Task instructions
Apart from the pictures, reproduce the data below exactly as it stands.

Data below

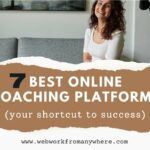 Best Online Coaching Platforms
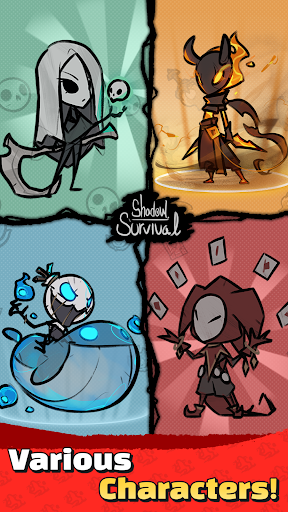 Shadow Survival ekran görüntüsü
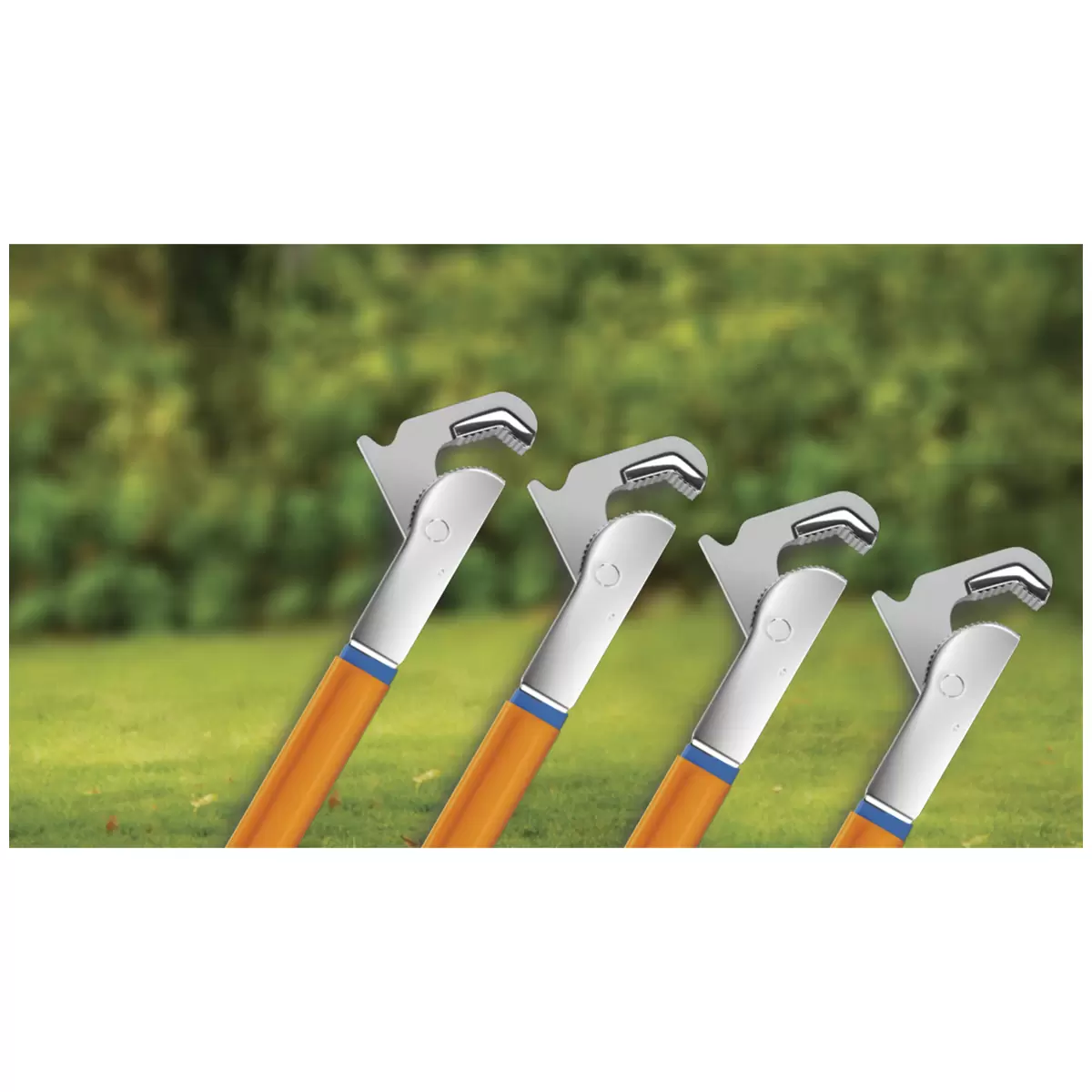 Renovator Better Grip Wrench 4 Piece Set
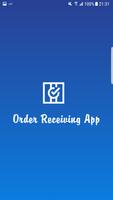 Order Receiving App captura de pantalla 3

Reply
 Best Online Coaching Platforms
 Shadow Survival ekran görüntüsü
 Renovator Better Grip Wrench 4 Piece Set
 Order Receiving App captura de pantalla 3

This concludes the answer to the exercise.